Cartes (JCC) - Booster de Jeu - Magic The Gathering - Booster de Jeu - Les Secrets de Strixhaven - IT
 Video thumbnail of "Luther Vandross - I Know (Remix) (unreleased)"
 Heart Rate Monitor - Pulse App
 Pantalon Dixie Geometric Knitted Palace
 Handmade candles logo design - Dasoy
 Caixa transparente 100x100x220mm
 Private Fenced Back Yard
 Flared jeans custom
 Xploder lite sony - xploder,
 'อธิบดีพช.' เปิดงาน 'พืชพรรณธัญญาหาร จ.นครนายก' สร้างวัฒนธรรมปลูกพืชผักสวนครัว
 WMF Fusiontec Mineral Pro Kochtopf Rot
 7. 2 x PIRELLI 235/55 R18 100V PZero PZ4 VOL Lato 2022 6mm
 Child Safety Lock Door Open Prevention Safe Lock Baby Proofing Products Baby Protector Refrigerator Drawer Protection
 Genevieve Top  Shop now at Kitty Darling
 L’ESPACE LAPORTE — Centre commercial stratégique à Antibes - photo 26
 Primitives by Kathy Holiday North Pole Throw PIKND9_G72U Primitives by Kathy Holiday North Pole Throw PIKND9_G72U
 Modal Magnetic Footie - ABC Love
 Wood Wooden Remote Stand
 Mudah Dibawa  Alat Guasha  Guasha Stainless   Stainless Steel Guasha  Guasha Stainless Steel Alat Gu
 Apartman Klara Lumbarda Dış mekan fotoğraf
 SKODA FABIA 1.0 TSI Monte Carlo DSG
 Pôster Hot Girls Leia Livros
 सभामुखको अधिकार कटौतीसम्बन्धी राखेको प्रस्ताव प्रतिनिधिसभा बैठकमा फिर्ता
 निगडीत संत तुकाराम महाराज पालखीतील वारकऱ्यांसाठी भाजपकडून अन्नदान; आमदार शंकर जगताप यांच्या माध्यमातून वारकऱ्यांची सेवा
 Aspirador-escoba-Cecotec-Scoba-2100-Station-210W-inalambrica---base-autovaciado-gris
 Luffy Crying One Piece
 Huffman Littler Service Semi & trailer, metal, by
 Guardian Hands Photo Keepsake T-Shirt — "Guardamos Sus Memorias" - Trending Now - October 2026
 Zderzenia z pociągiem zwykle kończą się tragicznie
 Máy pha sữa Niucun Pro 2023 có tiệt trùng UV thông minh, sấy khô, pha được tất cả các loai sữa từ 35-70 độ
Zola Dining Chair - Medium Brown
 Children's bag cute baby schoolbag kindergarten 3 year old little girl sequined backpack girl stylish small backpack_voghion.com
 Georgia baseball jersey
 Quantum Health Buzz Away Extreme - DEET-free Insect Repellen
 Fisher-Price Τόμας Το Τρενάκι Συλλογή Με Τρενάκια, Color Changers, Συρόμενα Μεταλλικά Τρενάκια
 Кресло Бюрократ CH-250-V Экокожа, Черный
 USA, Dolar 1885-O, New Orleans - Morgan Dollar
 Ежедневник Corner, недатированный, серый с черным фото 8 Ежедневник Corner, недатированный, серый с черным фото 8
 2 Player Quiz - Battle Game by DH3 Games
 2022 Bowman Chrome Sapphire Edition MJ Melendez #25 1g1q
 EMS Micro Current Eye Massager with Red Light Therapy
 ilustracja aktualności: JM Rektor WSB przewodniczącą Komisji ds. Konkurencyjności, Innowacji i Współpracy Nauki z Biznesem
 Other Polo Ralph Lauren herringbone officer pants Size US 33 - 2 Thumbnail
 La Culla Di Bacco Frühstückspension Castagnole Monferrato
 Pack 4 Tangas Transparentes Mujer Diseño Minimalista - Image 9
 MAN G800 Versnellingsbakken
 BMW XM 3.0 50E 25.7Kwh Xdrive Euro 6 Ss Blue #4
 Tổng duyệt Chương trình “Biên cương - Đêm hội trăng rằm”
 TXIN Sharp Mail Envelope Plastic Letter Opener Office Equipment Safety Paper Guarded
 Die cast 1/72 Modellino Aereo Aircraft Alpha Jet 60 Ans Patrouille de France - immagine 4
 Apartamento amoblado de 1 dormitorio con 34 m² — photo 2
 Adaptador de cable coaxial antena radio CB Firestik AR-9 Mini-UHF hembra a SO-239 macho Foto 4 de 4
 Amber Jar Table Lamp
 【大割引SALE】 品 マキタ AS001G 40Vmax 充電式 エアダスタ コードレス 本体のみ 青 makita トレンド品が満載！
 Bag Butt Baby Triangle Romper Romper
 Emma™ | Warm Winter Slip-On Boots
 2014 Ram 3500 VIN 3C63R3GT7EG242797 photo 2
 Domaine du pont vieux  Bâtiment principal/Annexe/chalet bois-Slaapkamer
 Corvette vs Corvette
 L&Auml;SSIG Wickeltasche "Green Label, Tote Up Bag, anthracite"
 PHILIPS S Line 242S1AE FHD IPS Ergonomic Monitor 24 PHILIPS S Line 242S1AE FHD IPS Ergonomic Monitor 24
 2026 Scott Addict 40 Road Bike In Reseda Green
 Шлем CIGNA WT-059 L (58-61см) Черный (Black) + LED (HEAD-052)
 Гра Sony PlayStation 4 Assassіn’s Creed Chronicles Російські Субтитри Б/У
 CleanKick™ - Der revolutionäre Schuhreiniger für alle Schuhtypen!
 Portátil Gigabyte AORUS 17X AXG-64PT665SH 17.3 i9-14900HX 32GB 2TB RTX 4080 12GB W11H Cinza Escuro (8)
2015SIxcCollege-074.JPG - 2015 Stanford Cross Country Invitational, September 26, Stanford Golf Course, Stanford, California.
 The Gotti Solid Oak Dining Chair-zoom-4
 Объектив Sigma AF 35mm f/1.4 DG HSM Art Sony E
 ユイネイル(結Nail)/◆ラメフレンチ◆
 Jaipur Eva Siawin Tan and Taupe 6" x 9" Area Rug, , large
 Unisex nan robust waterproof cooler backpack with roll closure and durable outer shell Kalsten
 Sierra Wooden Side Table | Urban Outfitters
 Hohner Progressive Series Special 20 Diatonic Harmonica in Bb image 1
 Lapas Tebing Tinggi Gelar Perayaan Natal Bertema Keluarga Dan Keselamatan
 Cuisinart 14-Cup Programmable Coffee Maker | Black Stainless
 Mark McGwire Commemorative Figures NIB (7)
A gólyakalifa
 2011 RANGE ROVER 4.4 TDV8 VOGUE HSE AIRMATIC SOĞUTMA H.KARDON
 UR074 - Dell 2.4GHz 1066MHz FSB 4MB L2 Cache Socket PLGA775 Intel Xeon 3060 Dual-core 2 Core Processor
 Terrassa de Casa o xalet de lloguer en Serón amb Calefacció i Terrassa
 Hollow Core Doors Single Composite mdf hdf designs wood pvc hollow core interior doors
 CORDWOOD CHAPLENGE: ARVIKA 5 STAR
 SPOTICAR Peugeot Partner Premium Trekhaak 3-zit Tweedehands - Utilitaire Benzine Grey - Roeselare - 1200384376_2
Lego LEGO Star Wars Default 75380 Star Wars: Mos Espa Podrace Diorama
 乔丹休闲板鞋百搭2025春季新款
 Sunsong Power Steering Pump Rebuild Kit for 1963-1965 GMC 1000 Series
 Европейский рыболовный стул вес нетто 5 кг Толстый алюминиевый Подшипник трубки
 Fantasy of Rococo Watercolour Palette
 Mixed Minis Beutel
+ + + + +
Work to be completed:
Each line of the entries above that has the word "core" is to be copied.

Solution for this task:
 UR074 - Dell 2.4GHz 1066MHz FSB 4MB L2 Cache Socket PLGA775 Intel Xeon 3060 Dual-core 2 Core Processor
 Hollow Core Doors Single Composite mdf hdf designs wood pvc hollow core interior doors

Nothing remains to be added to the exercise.